2. Dissatisfied with the decision of the trial court, the appellant who was the defendant in the original suit, has come to this court on appeal on the following grounds –

1. The learned magistrate erred in law and in fact in arriving at a decision that is void ab initio as it is purely based on what was neither pleaded nor prayed for by the respondent.

2. The learned magistrate erred in law and in fact in basing her decision on extraneous issues.

3. The learned magistrate erred in law and fact by making two decisions in one matter that belong to two separate regimes of the law.

4. The learned magistrate erred in law and in fact by proceeding to make a finding of a marriage by presumption and yet the respondent clearly stated her case in paragraph (3) of her plaint/amended plaint.

5. The learned magistrate erred in law and in fact by making a decision on a matter that she never presided upon without first asking parties to take directions.

3. By consent the appeal proceeded by way of filing written submissions.  The appellant’s counsel M/s Siele Sigira filed their submissions on 26th June 2019 while the respondent’s counsel M/s E. M. Orina and Company filed written submissions on 13th July 2019.  I have perused and considered the submissions filed, as counsel elected not to highlight the same in court.

4. This being a first appellate court, I am required to re-consider the evidence on record and come to my own conclusions and inferences – see Selle – vs – Associated Motor Boat Company Ltd [1968] EA 123.

5. I have perused the evidence on record on both sides.  Each side tendered oral evidence in court through witnesses.  The appellant has come to this court on several grounds of appeal, which I will now consider.

6. It has to be borne in mind that the pleadings relied upon at the trial were the amended plaint of 15th July 2015 and amended defence 5th November 2015.

7. The first ground of appeal is that the magistrate’s decision was void ab initio as it was based on what was neither pleaded nor prayed for by the respondent.  The argument of the appellant on this was that there was no plea for presumption of marriage and division of property.  I note that under paragraph 3 of the amended plaint the respondent pleaded that they lived with the appellant as wife and husband from 5/12/2005 and that they were married under Kipsigis Customary Law in November 2005.  Under paragraph 10A the respondent asked for (1/2) share of the listed investments and in the concluding prayer asked for a declaration of dissolution of marriage, and costs.

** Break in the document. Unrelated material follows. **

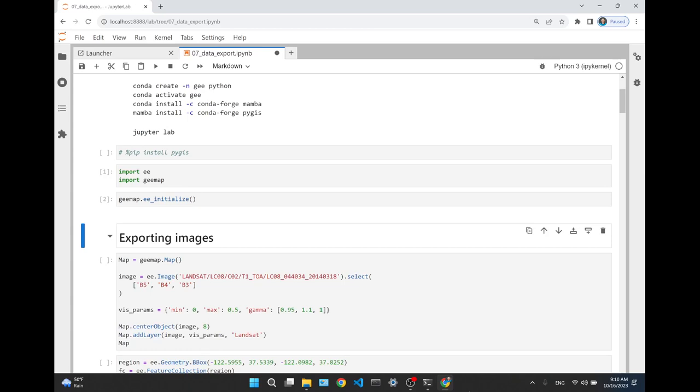We are almost done with Google Earth Engine, maybe finishing this week and next week. Then we get into databases, and I just discovered a new one called DuckDB. It's much easier to use, also very powerful and fast. I'm thinking we use DuckDB first, and then when we have time we get into PostgreSQL — it's very similar but so much easier.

8. From the orders of the trial court which I have highlighted above in this judgment, it cannot be said that the trial court made orders that were not pleaded or requested.  The mention of presumption of marriage related to proof rather than on pleaded issue.  I dismiss that ground.

9. The 2nd ground of appeal is that the magistrate wrongly based her decision on extraneous issues.  In the submissions the counsel for the appellant has not pointed at any extraneous issue that the magistrate brought into the judgment which was not part of the pleadings and submissions.  I dismiss this ground as it is baseless.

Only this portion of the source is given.